There is a widespread anxiety about state police. States have electoral commissions. In most states, the electoral commissions are sham institutions. The governors use them to allocate most of the local government chairmanship positions to their parties and cronies. The story of state owned electoral commissions does not recommend state police.
The federal electoral institution, INEC has never met our expectations. But no state has managed to fashion a state owned electoral commission that even dreams to match INEC’s moral standing. There is no state electoral commission that has the sort of credibility INEC possesses.
So we must worry. If the states get their police and employ them as nefariously as they employ their electoral commissions then it will be utter chaos. A unitary federal police has meant that we have had a worthy institution. Governor Wike will tell you that his opponents in Rivers state have used the Special anti Robbery squad in his state like a political hammer. His opponents would counter that Governor Wike and a former First Lady had used a former Commissioner of Police, Mr Mbu, like a terrorist. Despite these shortcomings, many will agree that agencies controlled by the Federal Government have been a little less wolfish than those run by the states.
If tribalism meets abuse of state police in some of the states some minorities could be scorched. You can imagine a Plateau State Police force. The rampant indigene-settler feuds would have conditioned such a force and left one or two minority groups in peril. But you should look at the helplessness of the Benue governor after Agatu and other massacres by killer herdsmen. The majority of the people of Benue would argue that if the state had an equipped police force the elusive killer herdsmen would have been brought to justice. At least the Benue governor would have had to do more than begging the president and shedding tears on television.
What must we then do?
The concept of the state police is appealing. It fits our federal constitution better and suits our crime situation. How then must we check its abuse by our state governors. The answer would lie in making our idea and legal foundations of state police conform with the concept of community policing.
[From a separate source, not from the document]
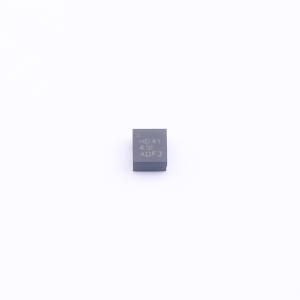 LMK6DA20000ADLFR商品缩略图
State police forces must be subject to the people and the constitution. The states have houses of Assembly but they have all become rubber stamps of governors. So the control of the police must rest in another institution. It could be a state police commission which would have 50% of its membership as elected independents, and 50% appointed by religious groups and the civil society. Regional police forces have been suggested. They could check arbitrariness and abuse. But they would reduce many aspects of accountability significantly.